The result was that we produced, at least in the U.S., generations of business graduates who's main take-away from their quant methods course was that they hated it and never wanted to deal with that stuff again. Their lack of enthusiasm when giving feedback to administrators paved the way for other disciplines to push aside quant methods courses and grab their space in the curriculum. Quant methods is still required at many schools, and is very popular at some, but its "footprint" in the curriculum is often diminished, and it is all too frequently no longer required at all (excluding perhaps a basic statistics course).
Software and hardware are ubiquitous now, and the software quality is quite good. Based on recent market-leading textbooks, though, I believe we are still focusing general quant methods courses heavily on application of specific O.R. tools (linear programming, simulation, decision trees). Some skill building is fine, but it is hard to say whether planting graduates with good skills at small-scale modeling in supply chain, marketing or finance positions will lead organizations to attack larger and more complex problems (where O.R. analysts are needed), or will diminish the need for workers with O.R. training (because the generic business graduate can do enough of the analysis on his or her own). Perhaps more critically, it is not clear to me that a non-O.R. graduate with decent modeling skills for the scope and scale taught in a classroom will necessarily be able to identify larger opportunities that would justify bringing in consultants or creating an internal O.R. group.
The key here may be to dial back a little on teaching specific models and algorithms, and put more emphasis on general modeling and problem-solving skills (including recognizing the actual problem and delineating its scope).
Sideways
This is the direction that I think is most often overlooked.
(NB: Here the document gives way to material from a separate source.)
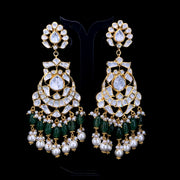 Omisa Emerald Pearl Chandbali Earrings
Small to medium businesses (SMBs), small non-profits and small governmental institutions (think your local school district) are probably underserved by the operations research community, particularly as they may tend not to be lucrative potential clients for consultancies. The key decision makers are often not business school graduates, and may have no idea that O.R. and analytics even exist (unless they know "analytics" in the sense of parsing web server logs). Presentations at local Chamber of Commerce meetings, participation in local business forums (do your local businesses have a LinkedIn group?), and even pro-bono consulting will help show people both what O.R. is about and how it can pay off. My guess is that this group is particularly ripe for word-of-mouth marketing.
As I said, this segment is probably not particularly lucrative monetarily. Every once in a while, though, one of those SMBs will take off and become a large company; hopefully they will remember the role O.R. played in their growth. Organizations in this category that benefit from O.R. help may also have the ear of politicians and university administrators, which may foster some growth in O.R. curricula. Finally, press reports of success stories at this level may catch the eyes of executives in larger firms.